Madame Chahdortt Djavann est née en Iran en 1967. Elle est arrivée en 1993 à Paris, sans parler le moindre mot de français. Aujourd’hui, douze ans après, elle a écrit deux essais et trois romans (publiés). Voici des extraits de son dernier roman « Comment peut-on être français ? » (Flammarion, 2006). Mme Djavann prend à rebrousse-poil les thèses dominantes que nous assènent les crétins de la sociologie, les ânes de la didactique, les dinosaures de la linguistique.
Page 54 : « L’apprentissage purement académique et linguistique du français ennuyait Roxane. Elle voulait apprendre la langue dans le texte, dans le contexte. Elle voulait lire les grandes œuvres, les grands auteurs et tout de suite. Seulement pour lire, encore fallait-il savoir lire (…) Une bibliothécaire lui proposa de commencer par quelques romans en version simplifiée pour les étrangers. Elle lui donna La Symphonie pastorale d’André Gide, et ce fut le premier livre que Roxane lut en français ».

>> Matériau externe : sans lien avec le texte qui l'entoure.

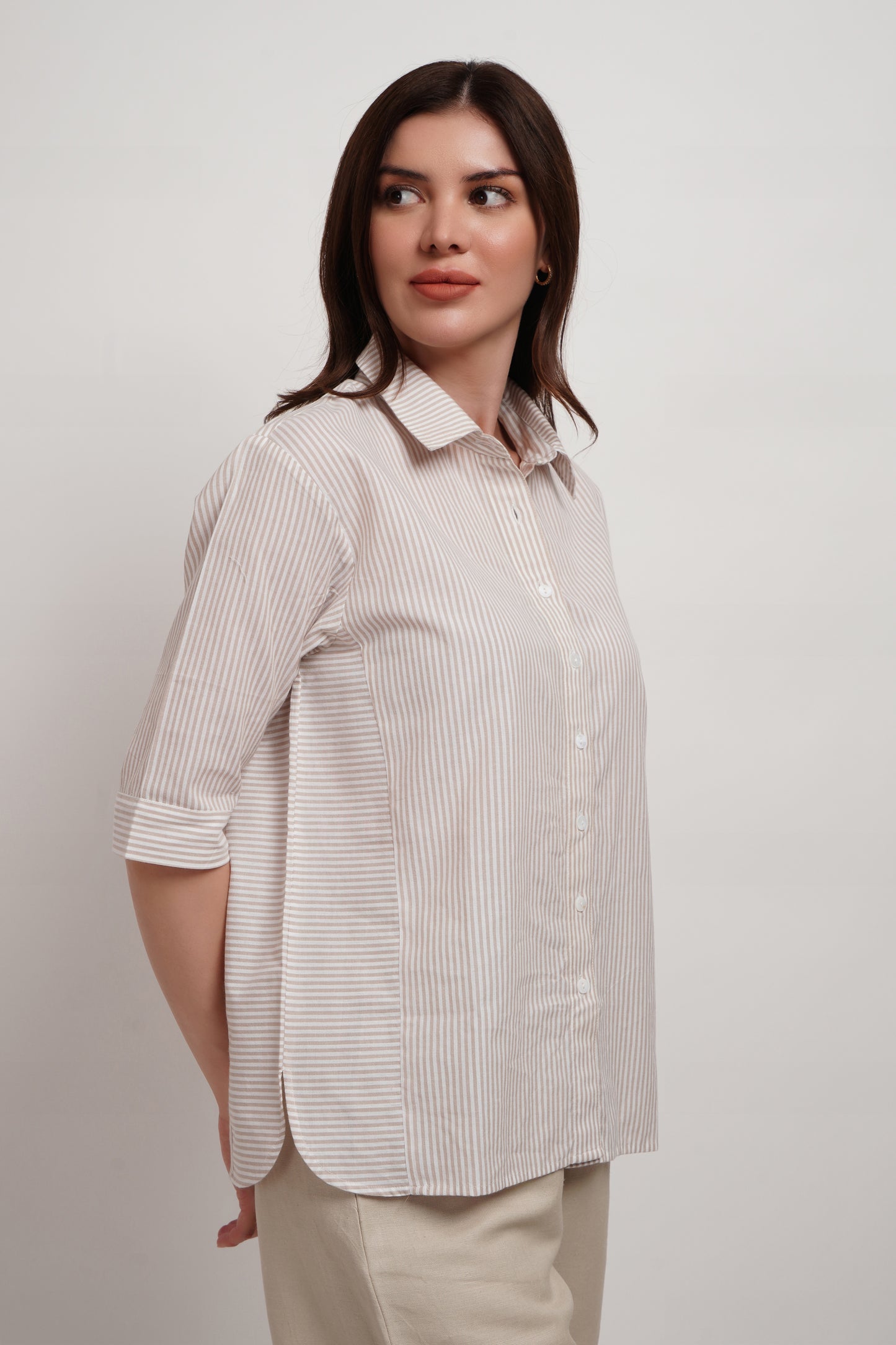 Beige Striped Cotton Panelled Shirt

Page 113 : « Pour s’imprégner des mots, pour découvrir leur essence, pour aller au-dedans des mots, elle décida d’abandonner le dictionnaire français-persan et de se référer uniquement au Petit Robert. Apprendre les mots français par le truchement de leur équivalent en persan les rendait encore plus artificiels et étrangers : en outre, les mots persans étaient inconciliables avec ce nouveau monde, tant ils rappelaient à Roxane les souvenirs d’un pays où des dogmes barbares faisaient office de lois. Roxane avait six ans lorsque le régime islamique s’était imposé en Iran, et le persan pour elle traduisait les félonies qui avaient assombri l’histoire de ce pays »
Page 116 : « Pour chaque mot, il fallait une humilité et une patience infinies ; il fallait l’approcher lentement, délicatement, pour l’amadouer ; il fallait le comprendre, le comprendre vraiment, le dire et le redire, le laisser entrer en soi, la garder en soi, tel un gage précieux. Telle une promesse de vie. Il fallait attendre que chaque mot mûrisse en soi, retrouve pleinement son sens, prenne de la chair, de la vie, qu’il devienne la chair de la vie, pour qu’il dise enfin la vie ».

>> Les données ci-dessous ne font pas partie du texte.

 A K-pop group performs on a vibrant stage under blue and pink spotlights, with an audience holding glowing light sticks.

Page 116 : « Elle ne voulait pas de cette langue comme d’un simple outil de communication, elle voulait accéder à son essence, à son génie, faire corps avec elle ; elle ne voulait pas seulement parler cette langue, elle voulait que la langue parle en elle. Elle voulait s’emparer de cette langue et que cette langue s’empare d’elle. Elle voulait vivre en français, souffrir, rire, pleurer, aimer, fantasmer, espérer, délirer en français, elle voulait que le français vive en elle.
Roxane voulait devenir une autre en français »
Page 118 : « Elle aspirait avidement à maîtriser cette langue, à la faire sienne. Elle voulait appartenir à cette langue entièrement, jusqu’au dernier de ses neurones. Elle la désirait charnellement, mentalement, psychiquement. Elle voulait la posséder totalement, et cette garce de langue se dérobait à elle, elle ne cessait de lui jouer des tours.
Quelle belle garce, cette langue, la plus belle. Quelle belle grâce, cette langue. La plus belle ».